Atkinson urges the conservation of more efficient use of existing cars while we wait for better alternatives to arrive:
“But let’s zoom out even further and consider the whole life cycle of an automobile. The biggest problem we need to address in society’s relationship with the car is the “fast fashion” sales culture that has been the commercial template of the car industry for decades. Currently, on average we keep our new cars for only three years before selling them on, driven mainly by the ubiquitous three-year leasing model. This seems an outrageously profligate use of the world’s natural resources when you consider what great condition a three-year-old car is in. When I was a child, any car that was five years old was a bucket of rust and halfway through the gate of the scrapyard. Not any longer. You can now make a car for £15,000 that, with tender loving care, will last for 30 years. It’s sobering to think that if the first owners of new cars just kept them for five years, on average, instead of the current three, then car production and the CO2 emissions associated with it, would be vastly reduced.

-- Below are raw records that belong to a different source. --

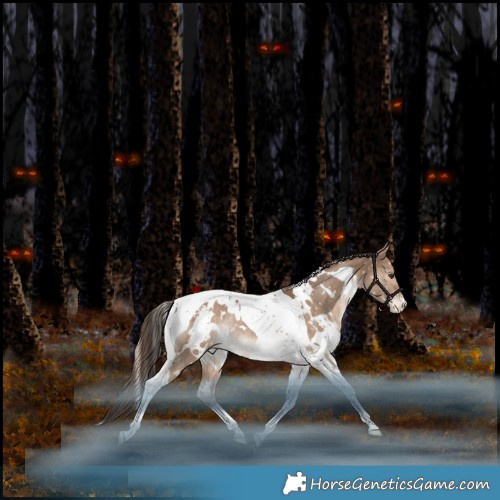 Horse Color:White Spotted Liver Red Dun Tobiano Appaloosa Rabicano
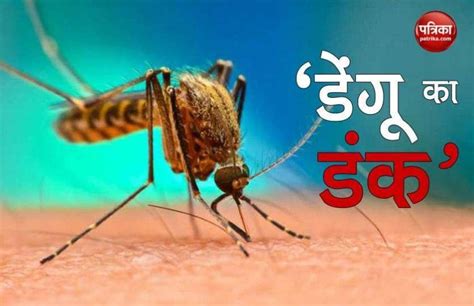 Dengue Fever Latest Cases In Noida And Ghaziabad Dengue Fever नोएडा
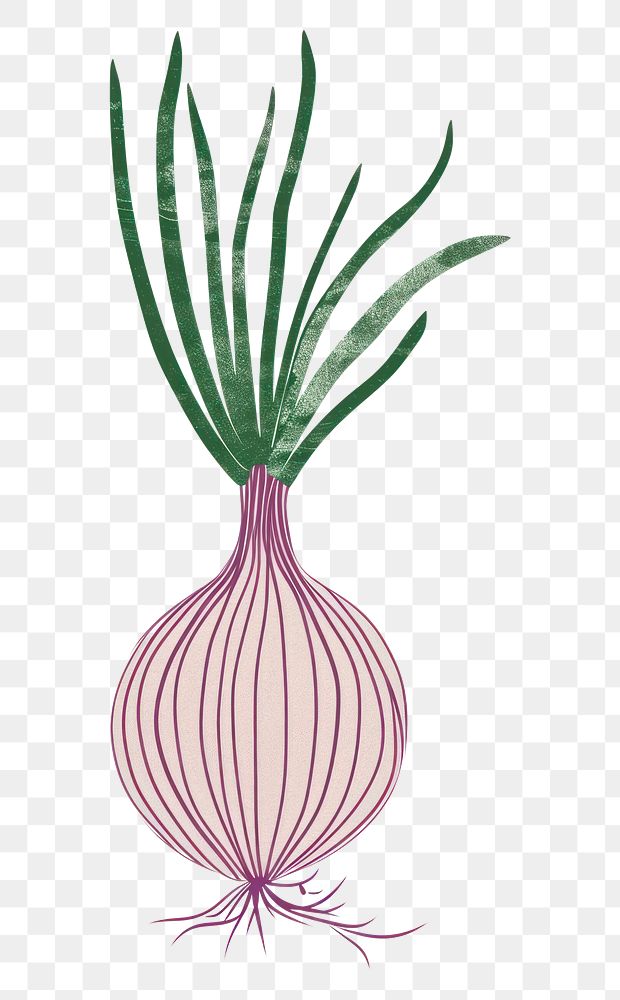 PNG Cute onion illustration vegetable plant food.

Yet we’d be enjoying the same mobility, just driving slightly older cars.
We need also to acknowledge what a great asset we have in the cars that currently exist (there are nearly 1.5bn of them worldwide). In terms of manufacture, these cars have paid their environmental dues and, although it is sensible to reduce our reliance on them, it would seem right to look carefully at ways of retaining them while lowering their polluting effect. Fairly obviously, we could use them less. As an environmentalist once said to me, if you really need a car, buy an old one and use it as little as possible.”
Atkinson’s points aren’t novel, but they certainly aren’t common knowledge at this point. And, even among people who pay closer attention to the subject, I think many of us look over the negatives of EVs thanks to cognitive dissonance.
While, Atkinson makes a strong case against an unrestrained EV embrace, he fails to highlight the problems EVs could pose to the electric grid.
The threat posed by electric transportation depends a lot on context. Norway, for example, with swaths of hydro energy and no pre-existing power reliability problems, has absorbed the electric transition without hiccups. Sadly, America does not have the grid that Norway does. We’re struggling as it stands now. California is threatened by rolling blackouts every summer, it seems, and Texas has notoriously suffered catastrophic blackouts in the past couple years. Imagine how fair if suddenly everyone were driving electric Ford F-150s!
For a long time, many hoped an electric future would be made possible by swaths of new clean energy. However, about 10 years since we were promised that batteries would make renewables fully scalable, they still seem much too pesky to be trusted. Nuclear, although recent PR wins, is still not fully embraced by the public and is very expensive to build. What’s more, all new generation in our country is a huge headache to connect to the grid thanks to disastrous transmission regulations.
How can we hope to accommodate a rapid electric transportation revolution without loads of new generation? We simply can’t, so long as our electric transportation system is a mirror copy of our 20th century fossil fuel one.
Highway culture, Mom, dad and 16-year-old Billy all driving their own SUVs , buses being for poor people, etc. That needs to be changed. I understand it’s our culture, but some aspects of certain cultures are inferior to others. And it’s time to admit that the Dutch have us beat.
If our transportation sector is going electric, it must also become more efficient. Smaller vehicles, more ride sharing, more lanes, better sidewalks. All of this is in order.